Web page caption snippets
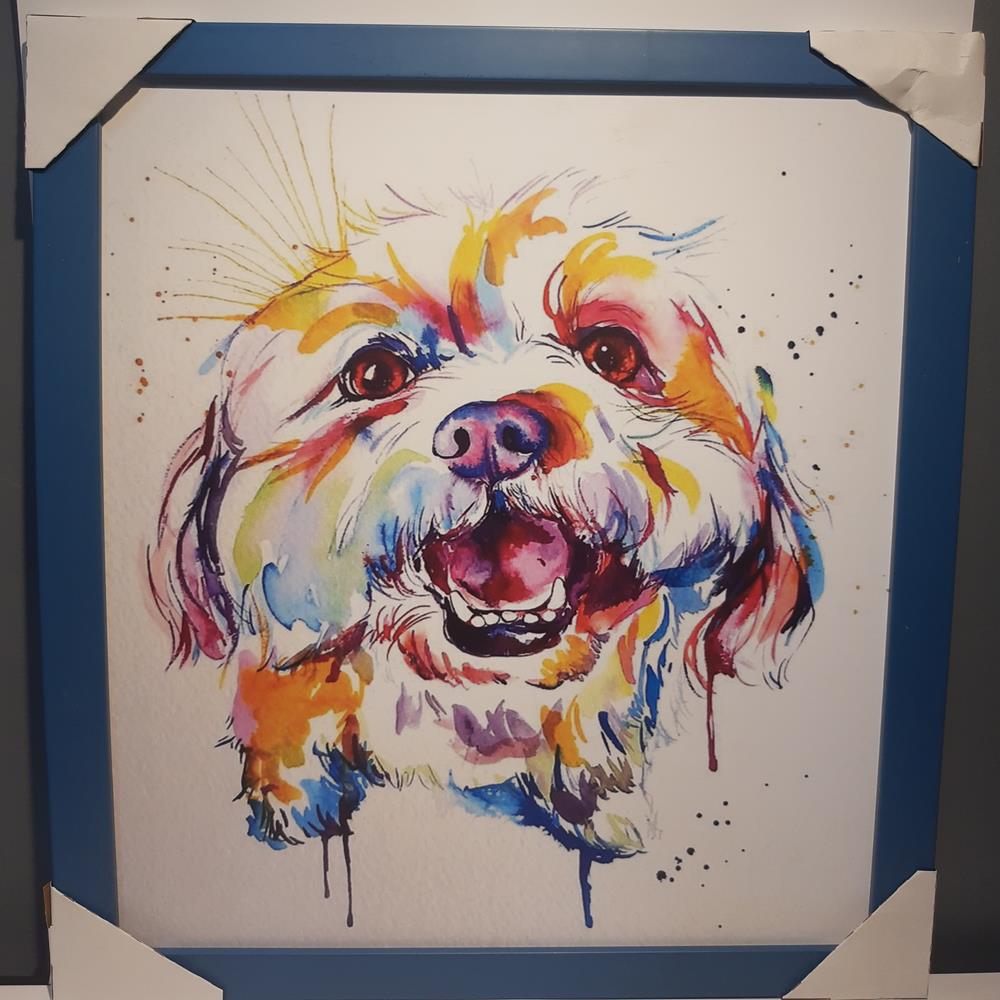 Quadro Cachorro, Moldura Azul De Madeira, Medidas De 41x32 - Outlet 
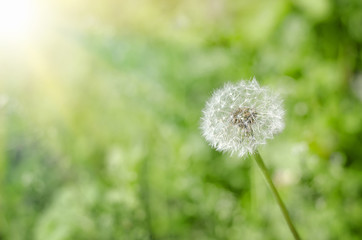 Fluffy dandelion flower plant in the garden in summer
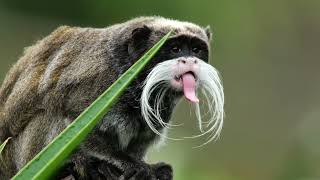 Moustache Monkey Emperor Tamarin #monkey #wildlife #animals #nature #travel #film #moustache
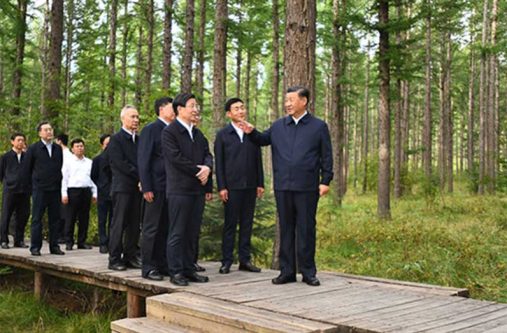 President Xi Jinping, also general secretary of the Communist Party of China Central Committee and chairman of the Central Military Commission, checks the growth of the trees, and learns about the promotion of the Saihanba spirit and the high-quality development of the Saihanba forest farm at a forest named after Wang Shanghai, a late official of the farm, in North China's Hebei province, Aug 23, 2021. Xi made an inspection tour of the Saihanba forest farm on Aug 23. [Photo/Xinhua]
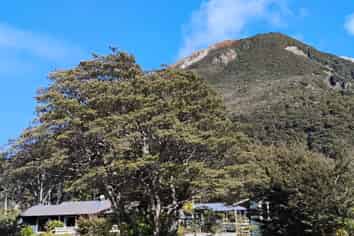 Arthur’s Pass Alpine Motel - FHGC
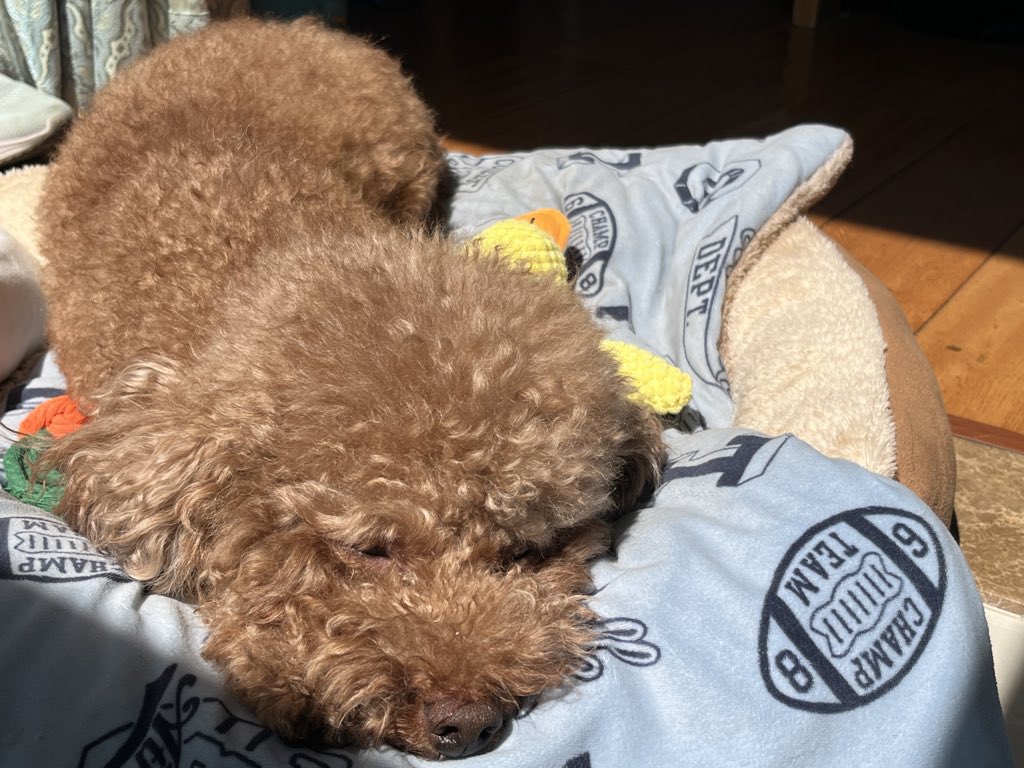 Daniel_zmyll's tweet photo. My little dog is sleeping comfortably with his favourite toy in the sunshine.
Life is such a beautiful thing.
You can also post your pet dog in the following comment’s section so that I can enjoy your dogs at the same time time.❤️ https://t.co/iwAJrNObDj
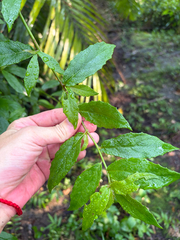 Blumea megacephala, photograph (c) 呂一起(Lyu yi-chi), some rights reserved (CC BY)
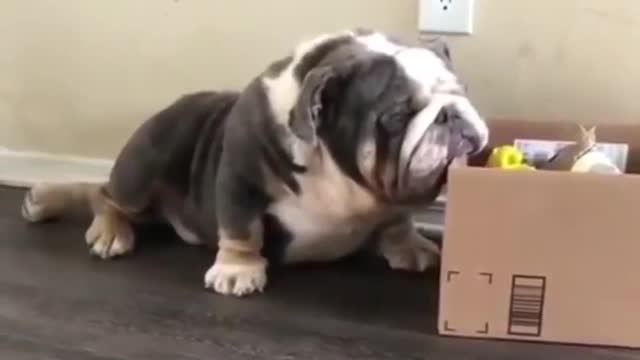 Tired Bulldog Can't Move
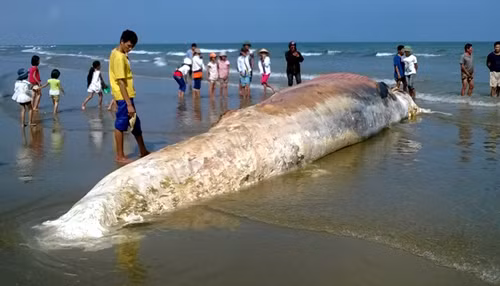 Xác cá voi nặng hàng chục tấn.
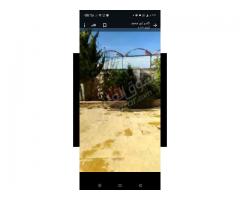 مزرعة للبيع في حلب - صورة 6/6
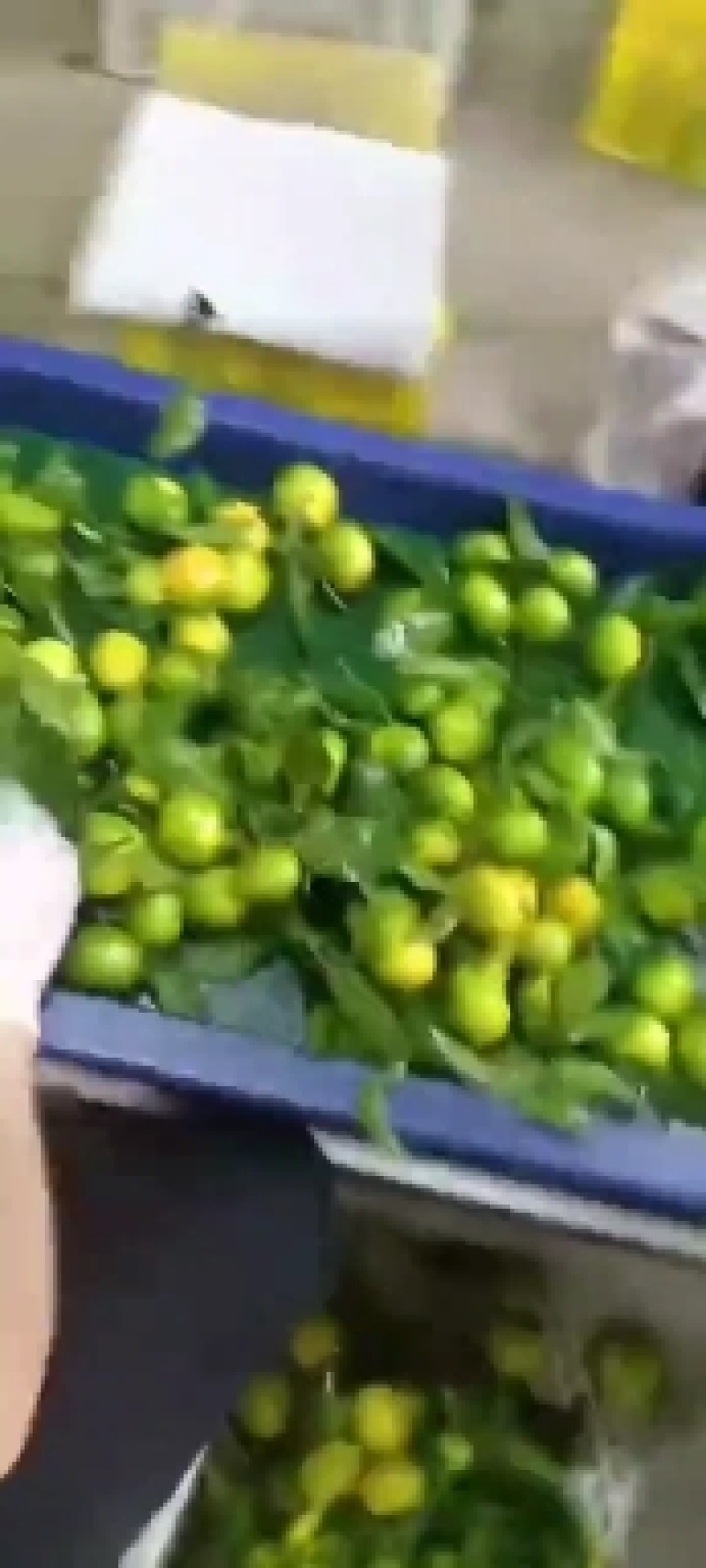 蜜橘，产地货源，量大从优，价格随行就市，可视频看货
* * *
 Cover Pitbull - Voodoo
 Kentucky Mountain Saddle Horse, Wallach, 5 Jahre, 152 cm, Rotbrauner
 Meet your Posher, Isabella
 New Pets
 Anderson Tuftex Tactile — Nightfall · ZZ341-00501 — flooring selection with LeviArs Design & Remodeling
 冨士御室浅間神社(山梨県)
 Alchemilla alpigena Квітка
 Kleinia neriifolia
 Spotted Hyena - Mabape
* * *
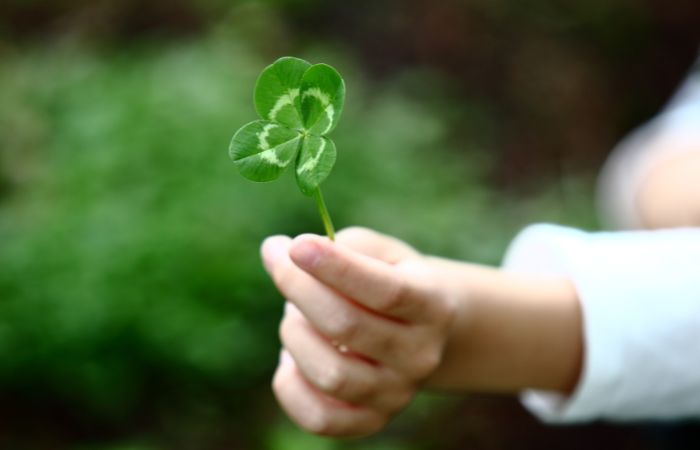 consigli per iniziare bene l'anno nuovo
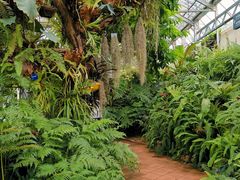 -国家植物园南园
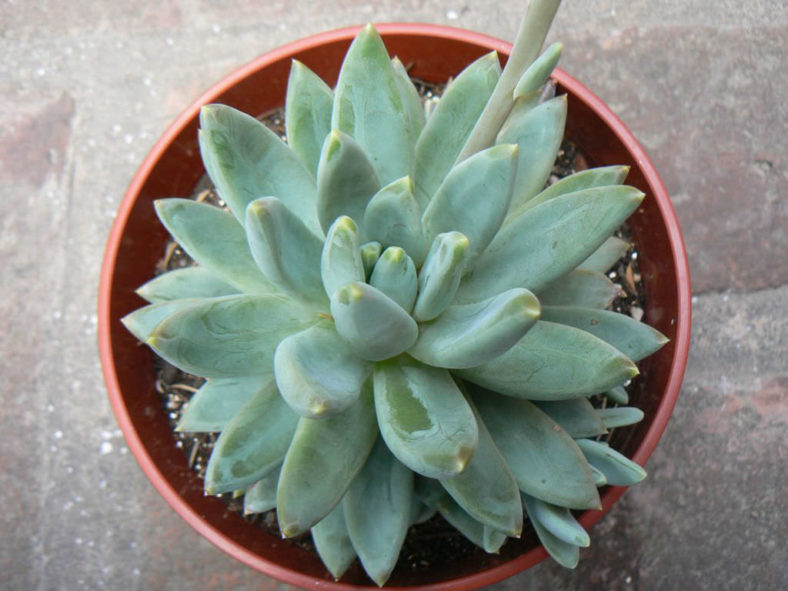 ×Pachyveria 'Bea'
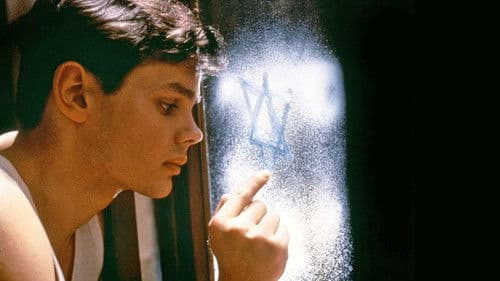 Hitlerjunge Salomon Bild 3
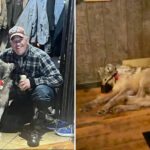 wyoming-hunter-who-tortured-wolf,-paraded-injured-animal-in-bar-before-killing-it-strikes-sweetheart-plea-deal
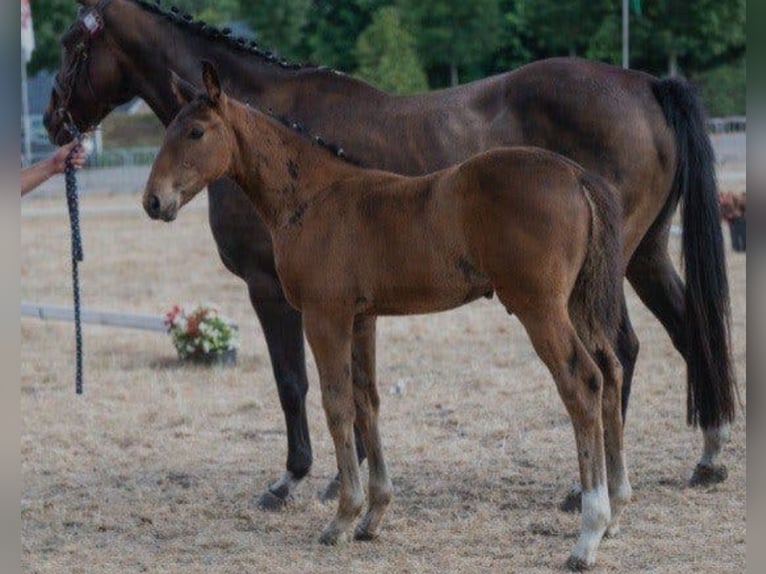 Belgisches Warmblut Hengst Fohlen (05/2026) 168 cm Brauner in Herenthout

■ How to complete this task ■
Only the lines above from the line with "Anderson Tuftex Tactile" to the line with "Spotted Hyena - Mabape", those two lines included, should be reproduced exactly.

■ Completed exercise ■
 Anderson Tuftex Tactile — Nightfall · ZZ341-00501 — flooring selection with LeviArs Design & Remodeling
 冨士御室浅間神社(山梨県)
 Alchemilla alpigena Квітка
 Kleinia neriifolia
 Spotted Hyena - Mabape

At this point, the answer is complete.